If Zen3 is the Big-Zen-arch-from-scratch (6-8xALU, 4xFPU, SMT4) and design started in the same time as Zen1, they probably decided to create middle step, kind of upgraded Zen1 by features from Zen3. Well that's Zen2, taking Zen3's two 256bit FPUs out of four, fast L1 cache and IO-core-chiplets (without 4GB HBM L4 cache). Well, there is nothing more you can take from big Zen3 6xALU SMT4 design. So Zen1, Zen2, Zen3 could be planned from beginning - Jim Keller's master plan makes sense IMHO. All the puzzles fits pretty well.
The only strange thing is Jim's canceled Zen3 ARM version.

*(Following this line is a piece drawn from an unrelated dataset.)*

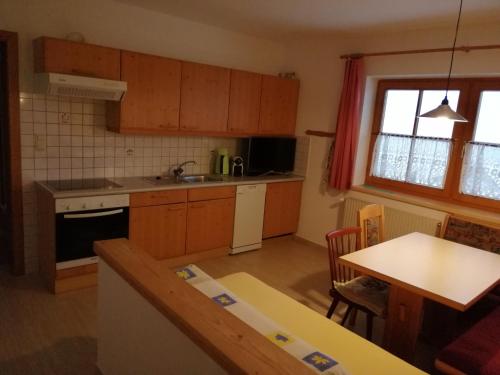 a kitchen with wooden cabinets and a table with a tableablish at Alpenhaus Christian in Neustift im Stubaital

I thing this would be killing machine in server market due to missing x86 decoder and much lower power consumption (much more cores in the same socket TDP). Maybe they canceled big Zen3 together with ARM Zen. Maybe they decided to not risk and continue with conservative 4xALU design doing small steps as Intel does. Similar situation as they canceled Jim's big K8 at 1999 (and then Keller left AMD) and keeping 3xALU design until K10 and finish insanity with 2xALU Bulldozer design later on. I'm just worry of consequences of Keller's leave.
At least since Apple's introduction of 6xALU beast in 2017, I'm pretty sure they are working on at least 6xALU design too (to enter market in 2023). Just there is a good chance to have 6-8xALUs beast in 2020 as Zen3.